(Excerpts from a dataset)
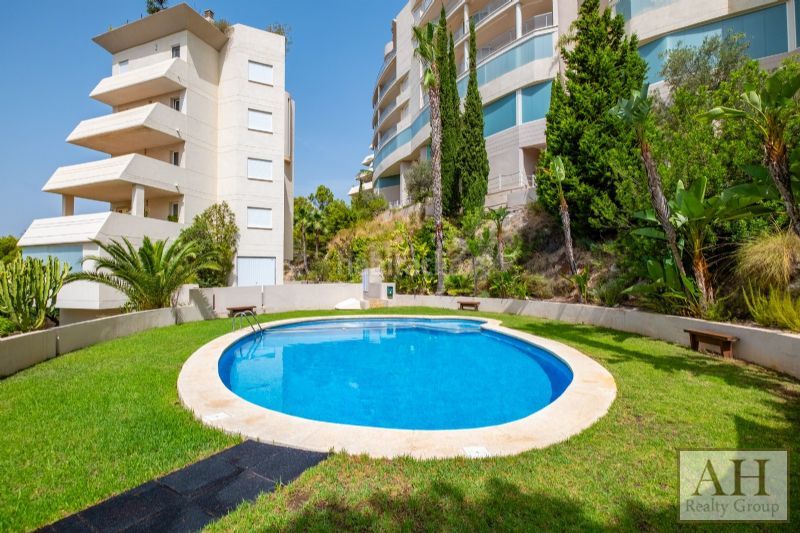 Foto bd42fddf-2a7f-48b7-8d35-d39f8057cea7. Apartament amb aparcament a Altea la vella Altea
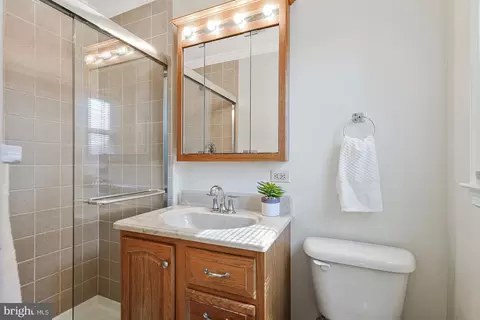 Bath - 5801 Boothe Dr, Burke, VA 22015 photo 2 of 4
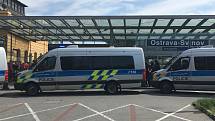 Policisté u nádraží v Ostravě-Svinově čekají na příjezd fanoušků Sparty.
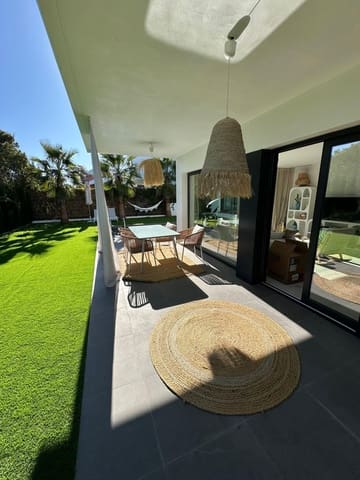 3 bedroom Villa for sale in Polop with pool - € 695,000 (Ref: 9686475)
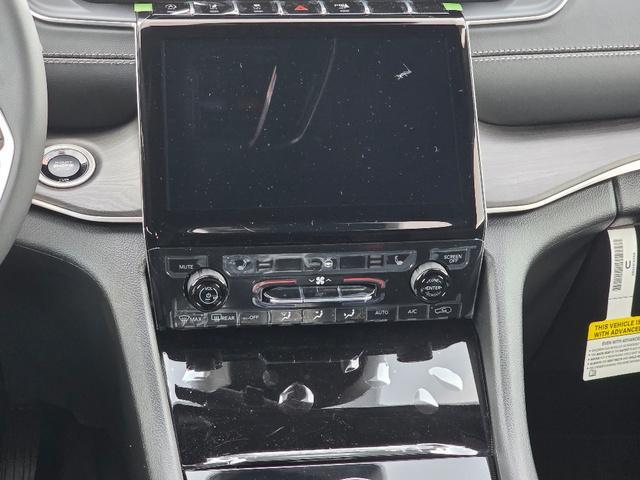 new 2025 Jeep Grand Cherokee car, priced at $43,802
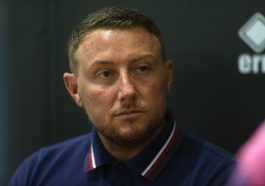 Northampton Town unveil former Leeds United goalkeeper, Paddy Kenny, as new signing.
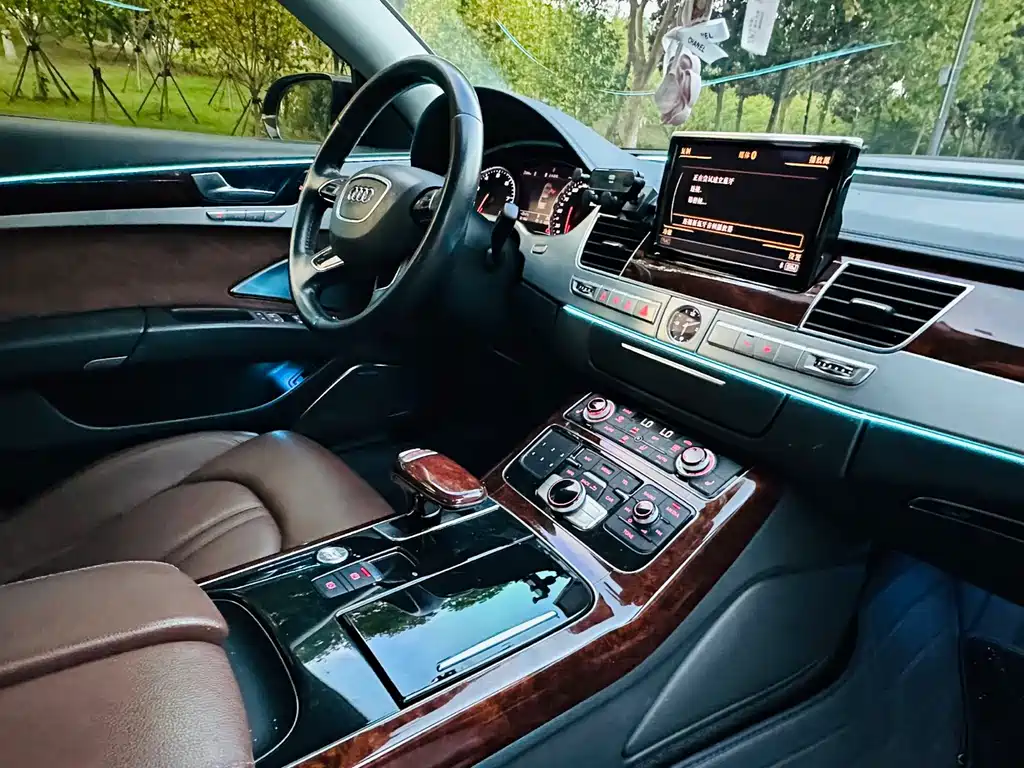 Audi A8 — миниатюра 14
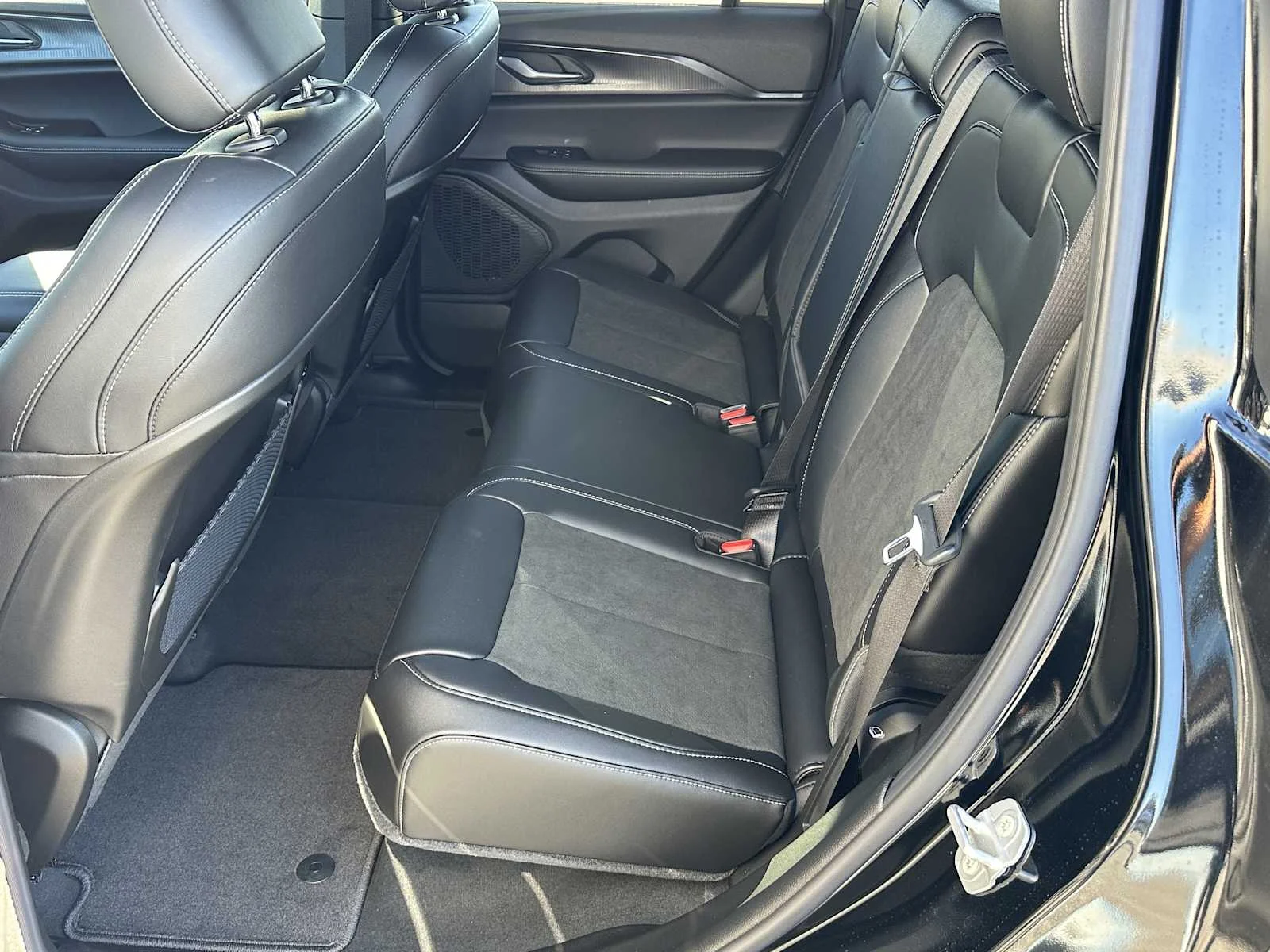 New 2025 Diamond Black Crystal Pearlcoat Jeep Altitude X image 21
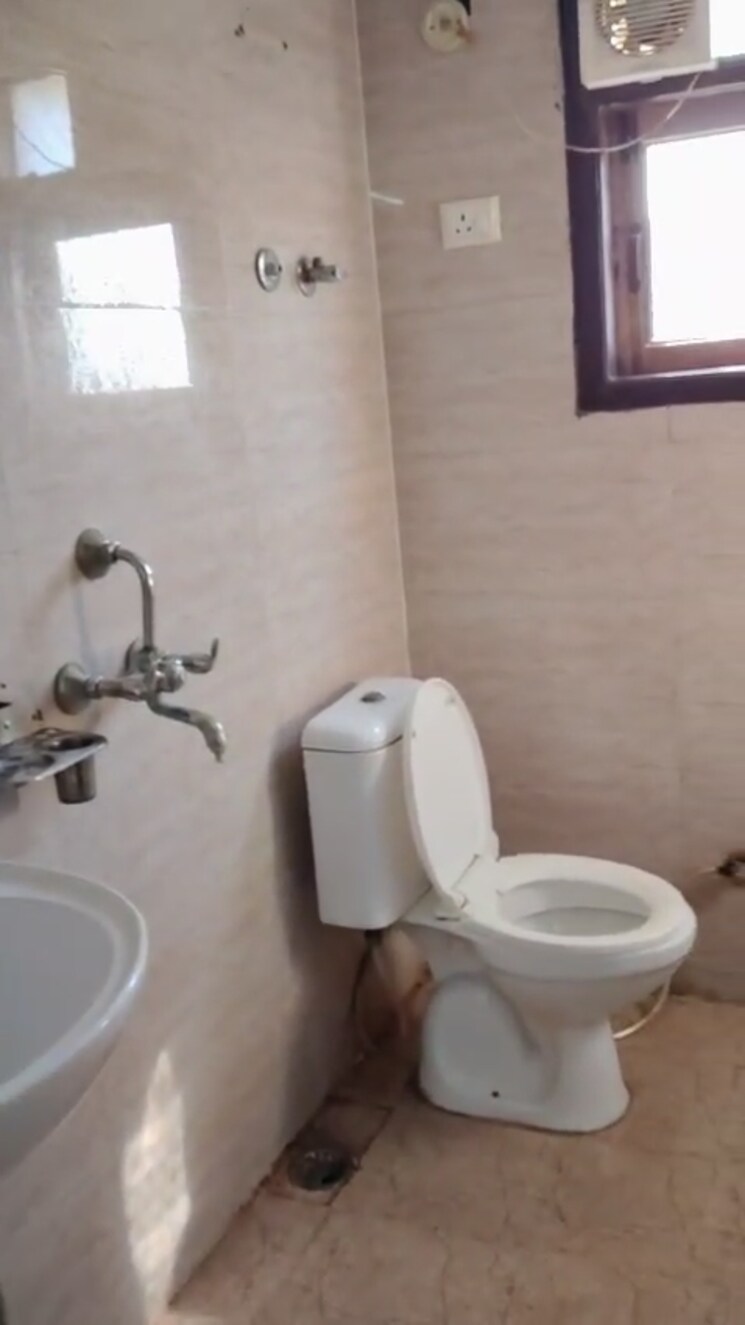 Attached Bathroom, raj nagar extension 2.5 Bedroom 1185 Sq.Ft. Apartment In Raj Nagar Extension Ghaziabad 9264686
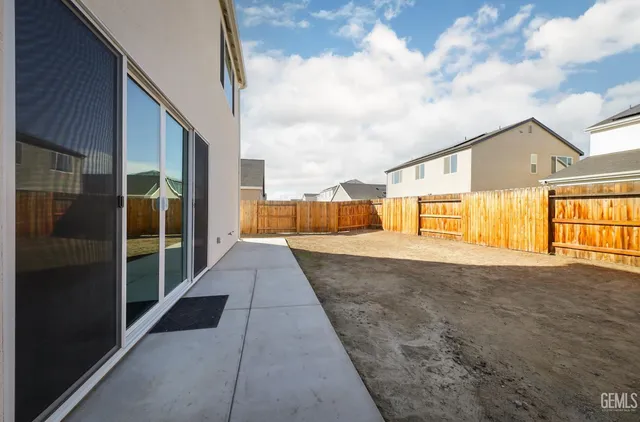 a view of an house with backyard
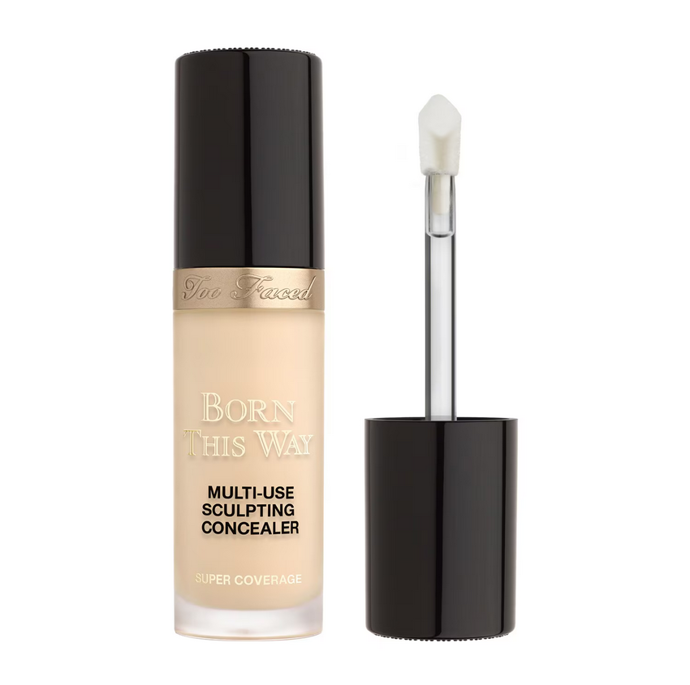 Bezchybné krytí, dlouhotrvající a hydratační multifunkční korektor Too Faced pro zakrytí, konturování, zvýraznění a retušování. 920 Kč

WHAT YOU HAVE TO DO: Leave the pictures out and write out every entry exactly as given.

WORKED SOLUTION:
 Foto bd42fddf-2a7f-48b7-8d35-d39f8057cea7. Apartament amb aparcament a Altea la vella Altea
 Bath - 5801 Boothe Dr, Burke, VA 22015 photo 2 of 4
 Policisté u nádraží v Ostravě-Svinově čekají na příjezd fanoušků Sparty.
 3 bedroom Villa for sale in Polop with pool - € 695,000 (Ref: 9686475)
 new 2025 Jeep Grand Cherokee car, priced at $43,802
 Northampton Town unveil former Leeds United goalkeeper, Paddy Kenny, as new signing.
 Audi A8 — миниатюра 14
 New 2025 Diamond Black Crystal Pearlcoat Jeep Altitude X image 21
 Attached Bathroom, raj nagar extension 2.5 Bedroom 1185 Sq.Ft. Apartment In Raj Nagar Extension Ghaziabad 9264686
 a view of an house with backyard
 Bezchybné krytí, dlouhotrvající a hydratační multifunkční korektor Too Faced pro zakrytí, konturování, zvýraznění a retušování. 920 Kč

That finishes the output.